Hazel was fond enough of him, but Hazel wouldn’t think at all well of bringing him cooling fruit juices all evening, and extra pillows, of smoothing the bedclothes if he was such a fool as to keep on violently turning over, or of listening to his oldest jokes, as did the floor nurse who — usually — answered the bell this evening.

He thought it was a splendid idea to have a call bell on the end of a cord, hanging beside his head. He wanted to introduce it at home, though he had the sanity to admit that he didn’t know what would happen if he pressed it with any idea that it would influence Hedgar the Hun.

He had heard (though he was to discover that the tale was false, and told only to make the narrator seem heroic) that in taking a basal-metabolism test he would find it difficult to breathe, and he had every intention of enjoying himself by lying awake and worrying about it. But in the pleasure of not having to wonder whether Howard would call up, late, or wonder at what time Sara would be coming home, he forgot about being insomniac, fell sweetly asleep at ten and awoke in daylight to find a keen young woman in white wheeling into his room what resembled a trench mortar polished up for the use of the crown prince.

The floor nurse was chirping at Fred with the sugared cheerfulness reserved for children, manic-depressives and patients, ‘This is the technician.’

Fred had time only to note that he ought to look into this fact that all hospital technicians were beautiful before the lady pinched his nose with a glorified clothespin and fitted over his amazed and protesting mouth a rubber apparatus through which, she told him coolly, he was to breathe.

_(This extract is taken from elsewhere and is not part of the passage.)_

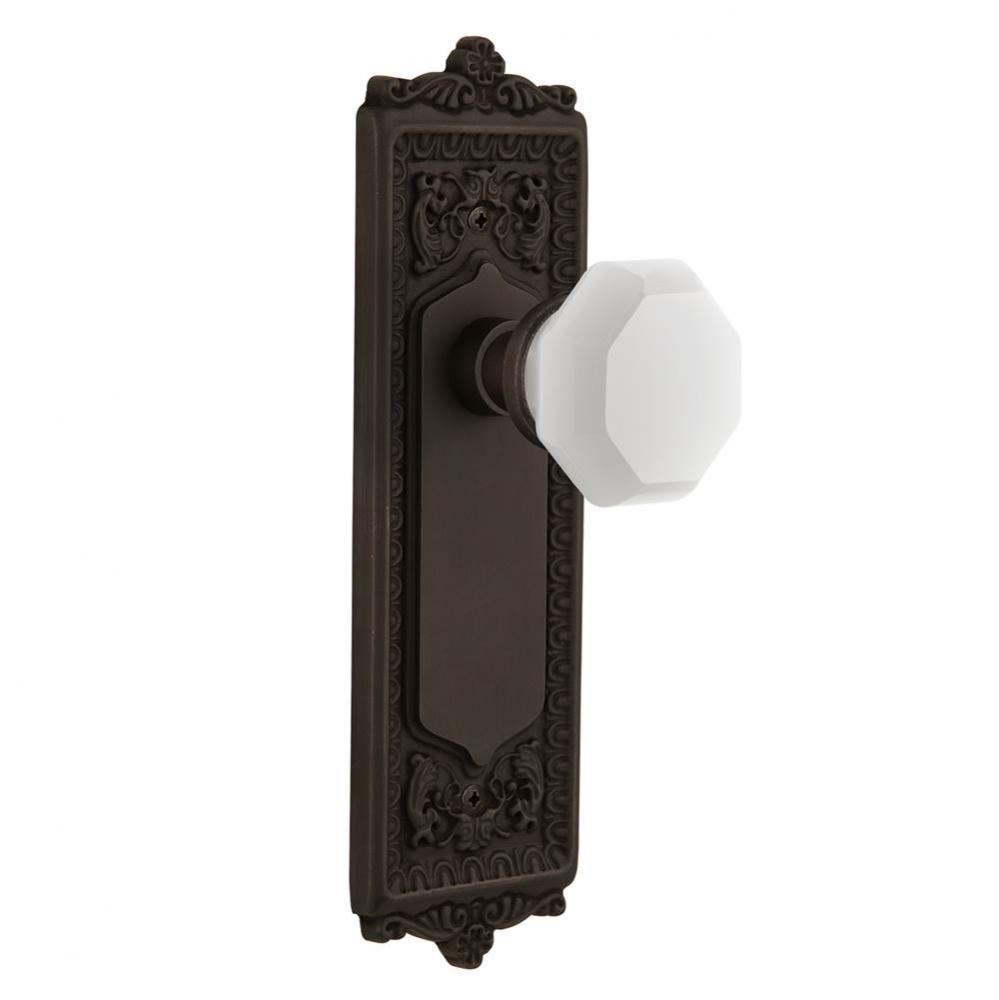 Nostalgic Warehouse Egg & Dart Plate Passage Waldorf White Milk Glass Knob in Oil-Rubbed Bronz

That breathing, it seemed, caused a polished plunger to rise up and down in the trench mortar. Instantly scared, but resolved to be gallant, he enjoyed fighting against choking, his body tense, his breath labouring. But he discovered that he was merely making things hard for himself. He quit being gallant and energetic, and therewith the breathing was as natural as though he stood on a hilltop, free of rubber gadgets and hospital beds.

‘Good man! That’s fine,’ said the technician.

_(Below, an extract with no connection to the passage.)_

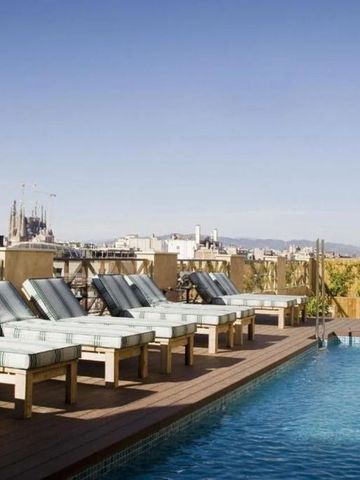 Außenpool mit Liegestühlen und Blick auf die Stadt im Cotton House Hotel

He was to treasure that commendation along with the highest distinctions he had known in life; with the letter from the president of the Duplex company saying that his agency had the best credit in the East; with the admission of the golf professional that he had a fairly accurate swing; with the sigh of a very young Hazel that he had been so nice to her father; with his election as vice-president of the Boosters’ Club; and with the remark of his professor of rhetoric, back in Truxon, that his essay on The Character of Portia hadn’t been bad at all.

He was still in the glow of this honour, and the rubber mask had been removed, when the technician, taking his hand tenderly, turned savage and jabbed into his finger a needle stuck in a cork.

‘Ouch!’ he wailed in protest.

It was true that it hadn’t hurt, but he felt that the principle was very bad. Then he was asleep, before he could do anything about it; and he awoke to a tray of ham and eggs, and to Dr. Kamerkink by the bed, saying suspiciously, ‘Why, there doesn’t seem to be one darn thing the matter with you!’

‘But did they look at your teeth and tonsils, too?’ said Sara when, at home, Fred crowed over his superiority.